TASK STATEMENT – The data must be reproduced verbatim; images are to be omitted.

Stored data
= = =

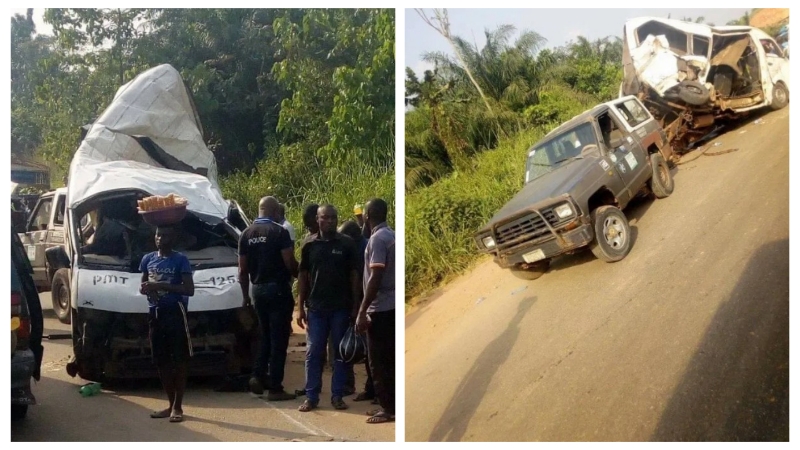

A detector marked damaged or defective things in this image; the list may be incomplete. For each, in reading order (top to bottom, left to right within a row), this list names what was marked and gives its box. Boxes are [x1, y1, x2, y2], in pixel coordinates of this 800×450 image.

damaged pickup truck [51, 63, 256, 380]
severely damaged front end [65, 64, 255, 380]
broken windshield [528, 122, 596, 184]
damaged pickup truck [476, 96, 676, 280]
severely damaged front end [620, 17, 780, 154]
damaged pickup truck [620, 17, 788, 156]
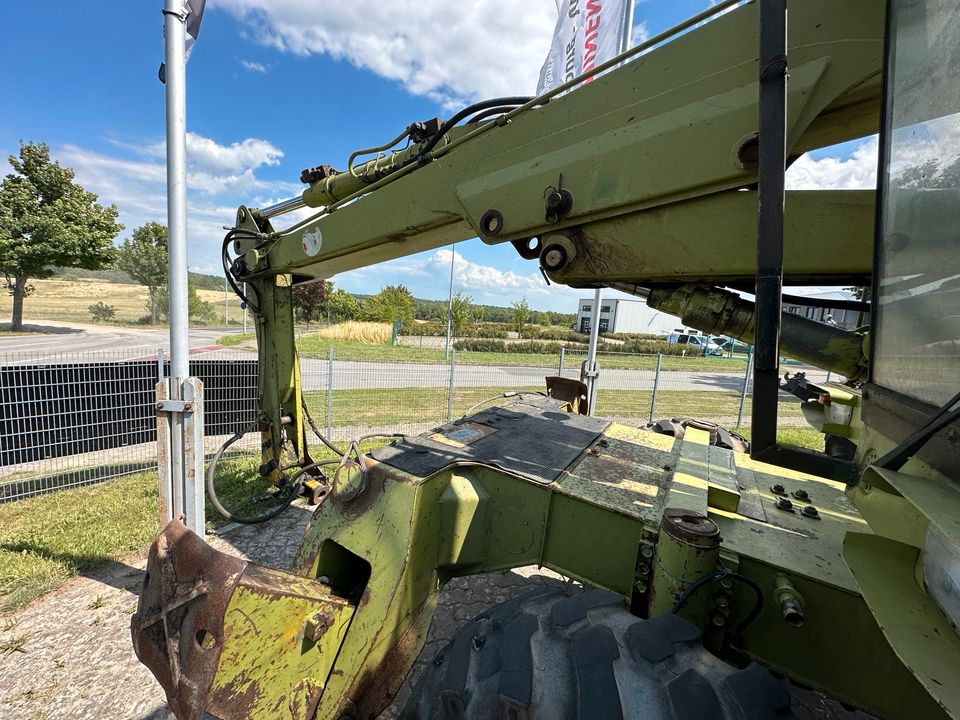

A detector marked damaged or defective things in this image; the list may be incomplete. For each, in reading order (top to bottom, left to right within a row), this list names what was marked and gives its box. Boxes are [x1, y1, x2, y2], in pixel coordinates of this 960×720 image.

rust patch [132, 520, 249, 720]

= = =

COMPLETED EXERCISE –
A detector marked damaged or defective things in this image; the list may be incomplete. For each, in reading order (top to bottom, left to right within a row), this list names what was marked and gives its box. Boxes are [x1, y1, x2, y2], in pixel coordinates of this 800×450 image.

damaged pickup truck [51, 63, 256, 380]
severely damaged front end [65, 64, 255, 380]
broken windshield [528, 122, 596, 184]
damaged pickup truck [476, 96, 676, 280]
severely damaged front end [620, 17, 780, 154]
damaged pickup truck [620, 17, 788, 156]

A detector marked damaged or defective things in this image; the list may be incomplete. For each, in reading order (top to bottom, left to right within a row), this list names what was marked and gives its box. Boxes are [x1, y1, x2, y2], in pixel coordinates of this 960×720 image.

rust patch [132, 520, 249, 720]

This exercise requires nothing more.